## ABOUT THIS EXERCISE:
Line by line, retype the material exactly and leave each picture out.

[INFORMATION SUPPLIED Boundary: Start]

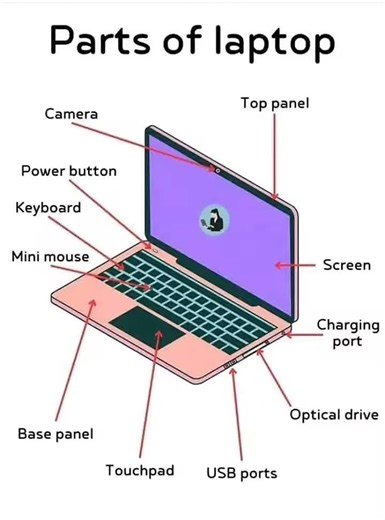 Common Parts of a Laptop 🔐 #computerknowledge #computer #laptop #windows #shorts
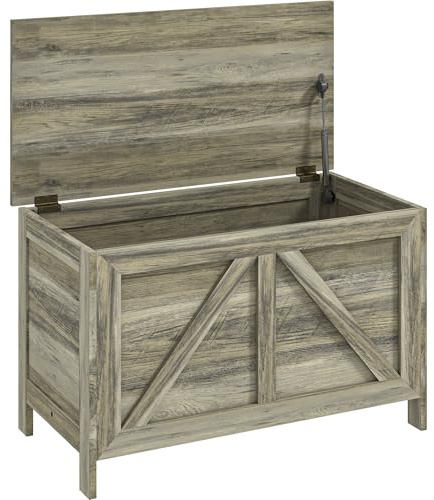 HOMCOM 30 Farmhouse Storage Bench, Lift Top Storage Chest with Safety Hinge to Open Up 100°, Wooden Trunk for Bedroom, Entryway, Living Room, Gray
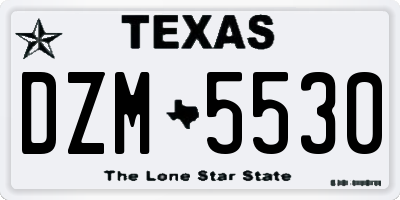 TX license plate DZM5530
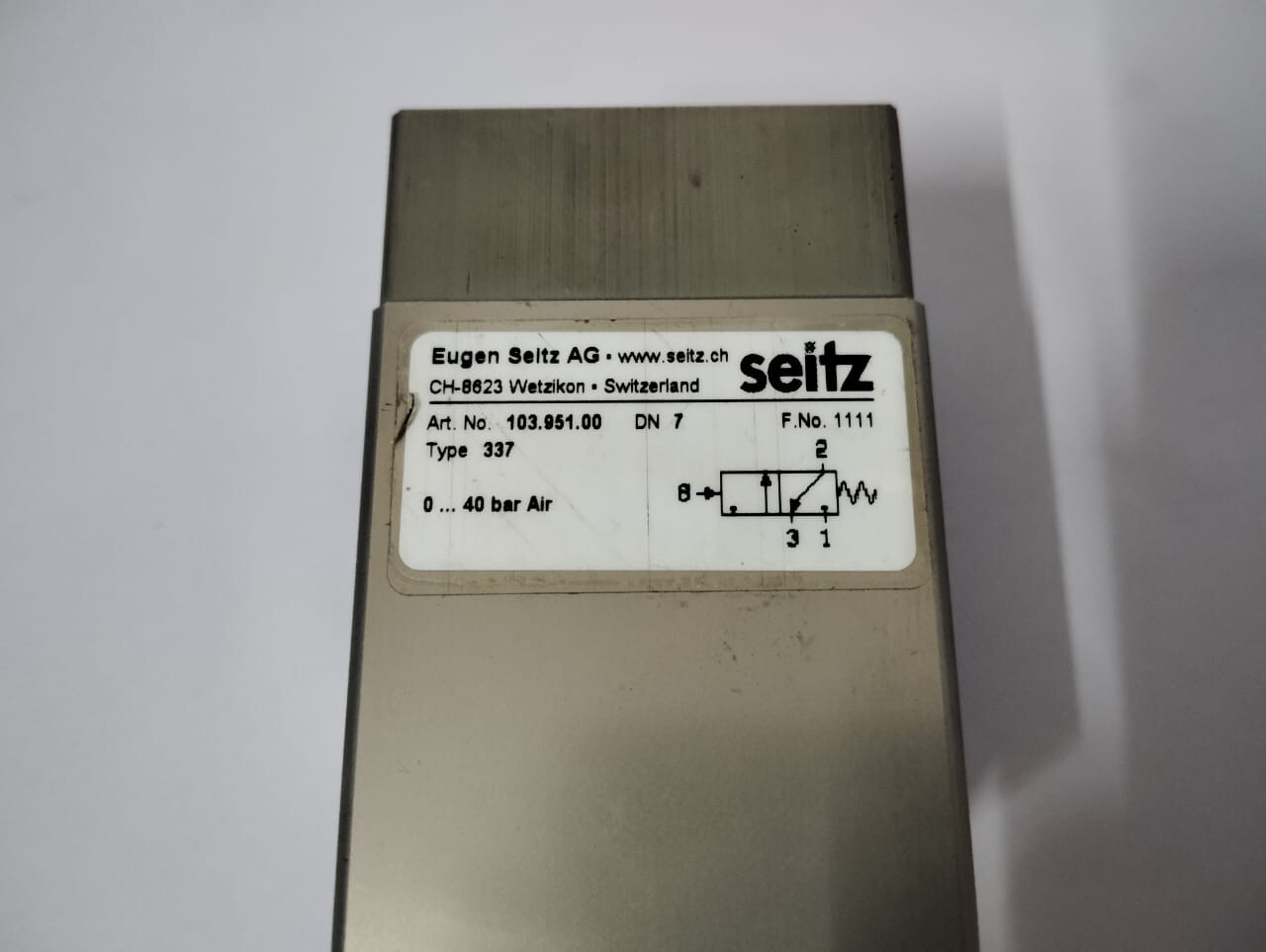 EUGEN SEITZ 337 PNEUMATIC VALVE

[INFORMATION SUPPLIED Boundary: End]

## EXERCISE SOLUTION:
 Common Parts of a Laptop 🔐 #computerknowledge #computer #laptop #windows #shorts
 HOMCOM 30 Farmhouse Storage Bench, Lift Top Storage Chest with Safety Hinge to Open Up 100°, Wooden Trunk for Bedroom, Entryway, Living Room, Gray
 TX license plate DZM5530
 EUGEN SEITZ 337 PNEUMATIC VALVE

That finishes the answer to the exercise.